All Artists: George Frederick Handel, Laura Alvini
Title: Handel: Harpsichord Suites
Members Wishing: 0
Total Copies: 0
Label: Nuova Era
Release Date: 4/11/2000
Album Type: Import
Genre: Classical
Styles: Opera & Classical Vocal, Forms & Genres, Suites, Historical Periods, Baroque (c.1600-1750), Early Music
Number of Discs: 2
SwapaCD Credits: 2
UPC: 723723821423
 

CD Reviews

Excruciating and unlistenable
John J. Schauer | Chicago, IL USA | 08/05/2008
(1 out of 5 stars)

"These performances show what can go wrong when the "scholarship" in music scholarship is allowed to eclipse the music. Ms. Alvini is apparently of the school that believes the improvisatory nature of some of Handel's kayboard music--the textures of which are often spare enough to invite improvisation--grants them carte blanche to completely eliminate any sense of a beat. Granted some of the suites open with toccata-like movements that obviously call for great freedom, but in far too many dance movements one has no sense at all of rhythmic pulse.
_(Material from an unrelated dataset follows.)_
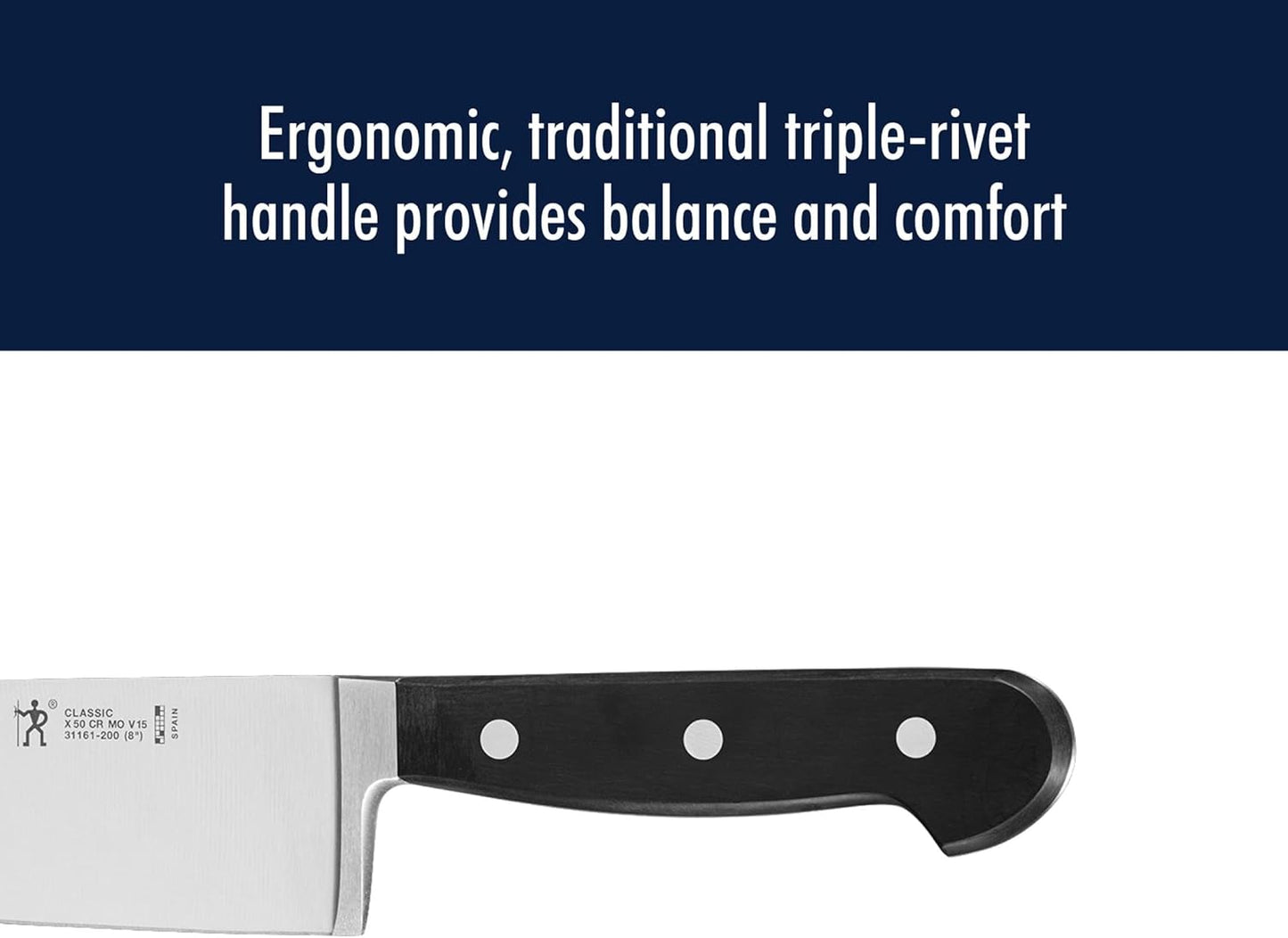 Classic 8-Inch Chef Knife, Razor-Sharp, German Engineered | Fully Forged Construction Provides Balance with Traditional Triple-Rivet Handles Enables Comfortable Easy Cutting.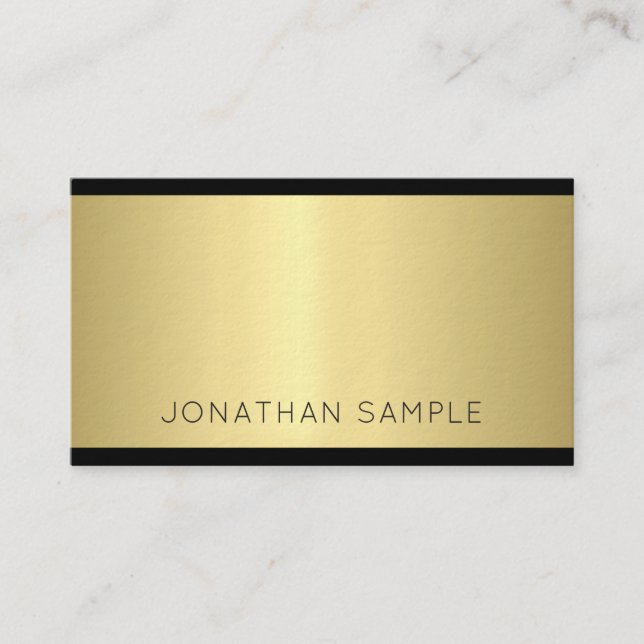 Tarjeta De Visita Elegante Glamour Diseño Moderno Oro De Lujo (Anverso)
Her allemandes are particularly egregious in this respect, sprawling amorphously like beached jellyfish as if the time signature and note values mean nothing. This sort of rhythmic license would be impossible in any ensemble music, where it would create total chaos and cacophony; so what possesses some performers to assume that as soon as a keyboardist has a chance to perform solo, he or she would throw the meter out the window? Actually, Ms. Alvini seems to have two modes--the rhythmically flaccid approach of her allemandes contrasts with, say, her gigues, which are played almost metronomically but at a tempo that sounds frantically rushed and at which all detail is lost in a blur. Given the twangy sonority of the Flemish-style harpsichord on which she performs, the result sounds like someone shaking a large metal drum full of nails like maraccas. Perhaps Alvini merely wanted to present interpretations that are drastically different than anyone else's, and in that she has succeeded. But there's a reason no one else performs these works this way--it simply doesn't work. If you want a stylish and historically informed performance with plenty of improvisatory thrills, you would do far better with the recording by Paul Nicholsonon on the Hyperion label, which also includes as a bonus the Six Fugues or Voluntaries plus two additional fugues."